On that song on the first album, Paid in Full,
The dismount of the first verse is one of the most quotable lyrics in Hip-hop:

I start to think and then I sink into the paper
Like I was ink,
When I’m writing I’m trapped in between the lines
I escape when I finish the rhyme
I got Soul

·      The writing/creative process
·      Contained & liberated by writing – (A theme in Microphone Fiend)
·      Mos Def & Talib Kweli quote this

First Mention of Rakim as a  ‘microphone fiend’ appears on this song:
The dismount of the 2nd verse:

I drip steam
Like a microphone fiend
Eager to MC is my theme
I get hype when I hear a drum roll
Rakim is on the mic
And you know I got soul.

Microphone fiend – My Melody verse 2
So what I’m a microphone fiend, addicted soon as I sing


Microphone Fiend - Eric B and Rakim
(Song covered by Rage Against the Machine and Fun Lovin Criminals)

Rappers rapping about drugs is not a particularly rare angle. Ice-T’s I’m Your Pusher, Biggie’s 10 Crack Commandments are just 2 examples. But in both cases the MC is literally or metaphorically the dealer, pushing dope product whilst remaining in control of the situation – “Don’t Get High off Your Own Supply” as Biggie reminds us. Microphone Fiend is something very different – the MC has “gotta habit” and fiends “for a microphone like heroin”.

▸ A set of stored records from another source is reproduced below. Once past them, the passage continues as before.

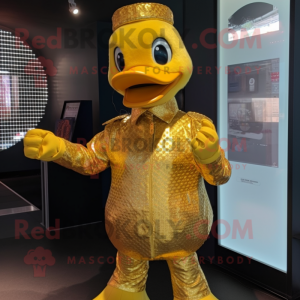 Gold Muscovy Duck mascot costume character dressed with a Flare Jeans and Gloves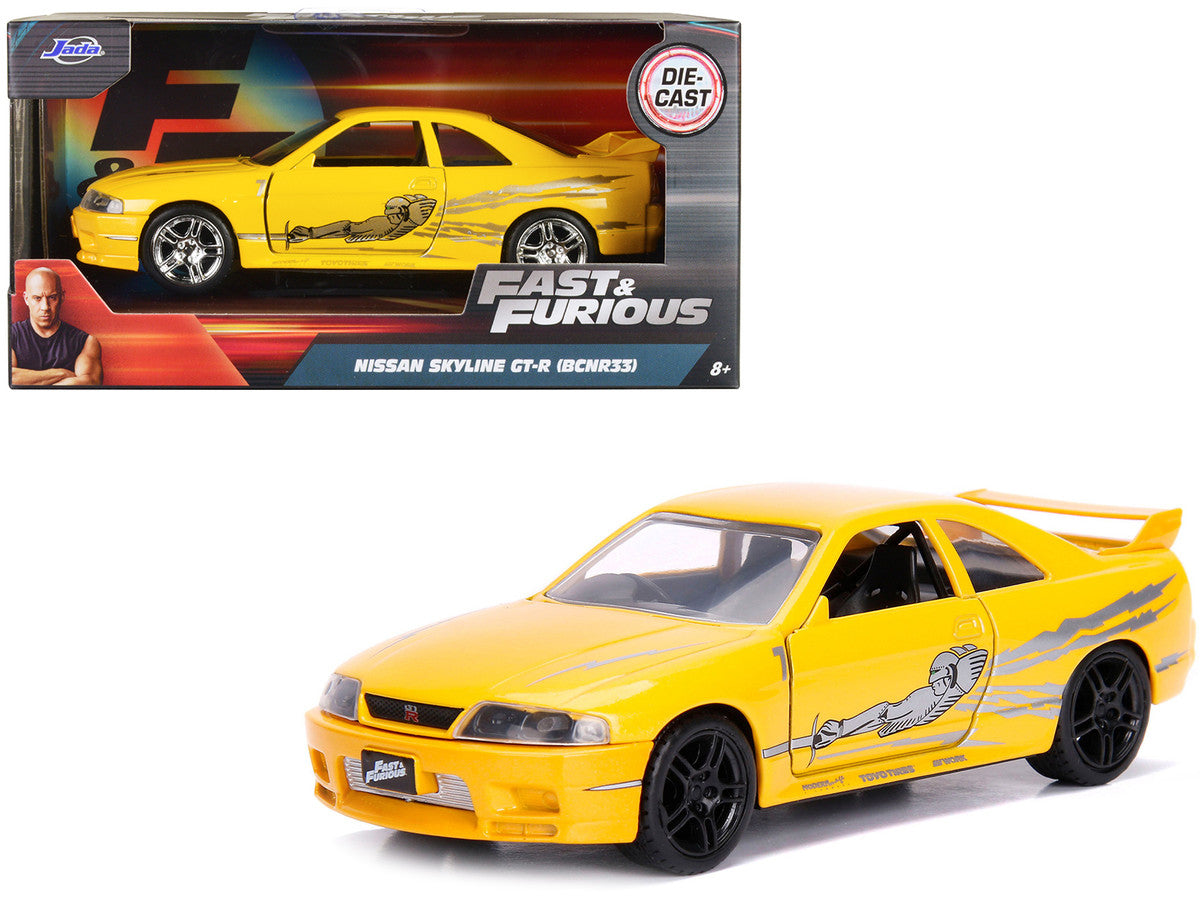 Leon's Nissan Skyline GT-R (BCNR33) Yellow Metallic with Graphics "Fast & Furious" Series 1/32 Diecast Model Car by Jada Jada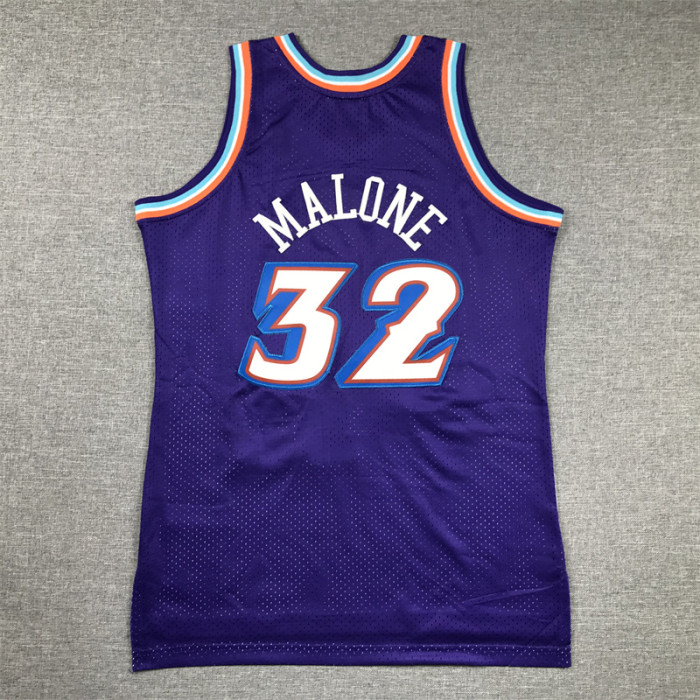 Youth Mitchell&ness 1996-97 Utah Jazz 32 MALONE Purple NBA Jersey Child Seattle SuperSonics Basketball Shirt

Musically the song is sparse. As was more common in 1988, the song barely has a hook. It’s made great by the rapping. The break comes from Dundee’s finest funk band, The Average White Band’s School Boy Crush, perhaps explains the opening bars?

“I was a fiend before I became a teen,
I melted microphones, Instead of cones of ice-cream
Music orientated so when Hip-Hop was originated
Fitted like pieces of puzzle –complicated.”

This combines a few of Rakim’s favourite themes – Firstly, his identity as an MC. We have the idea of being an MC as a calling, a craving, an addiction that has to be fed – and one that starts in childhood. Names for his MC identity include the microphonist, the microphone soloist. In his hand the mic becomes a musical instrument.

The “music orientated” presumably refers to the fact that Rakim came from a musical family, his aunt being singer Ruth Brown.. As he says “It’s inherited, it runs in the family.” So Hip-Hop’s emergence came at a perfect time for him.

But I think thatFitted like Pieces of puzzle, complicated”  might also refer to the writing process. Constructing a verse so all the pieces fit. Rakim is the best rapper rapping about rapping.

Even if driven by a craving, the MC is a craftsman, putting pieces together:
“I’m raging, ripping up the stage and
Don’t it sound amazing
Cause every rhyme is made and
Thought of, Cuz it’s sort of an addiction”

Rakim is the best rapper rapping about rapping. He wants to ‘move the crowd’ but he also wants the crowd to appreciate the effort and skill that has gone into the construction of the rhyme.

There’s an intensity to the music, to Rakim’s delivery and within the lyrics. For example,  'Cool cos I don’t get upset, I kick a hole in the speakers, pull the plug then I jet'. These always struck me as more intense, more unnerving than a lot of rappers shouting about what they do. As Rakim puts it “The thrill of suspense is intense you’re horrified, But this ain’t the cinema or “Tales of the Darkside”. In his stillness, his monotone delivery and his lyrical intensity, Rakim for me was always realer, (and even more threatening) than say NWA.

The sudden explosion from order to chaos – from cool to kicking a hole in the speaker. From chilling to needing to write, to needing to perform. And I’d say this an intensity well illustrated through the metaphor of addiction .

I think he’s names the shift in the status of the MC  (who at this point is still named after the DJ remember) when he says:

“Ladies and gentlemen, you’re about to see
A pastime hobby about to be to
Taken to the maximum…”

Rakim raised expectations of what an MC could do – and as he did so, he pointed out that was doing so.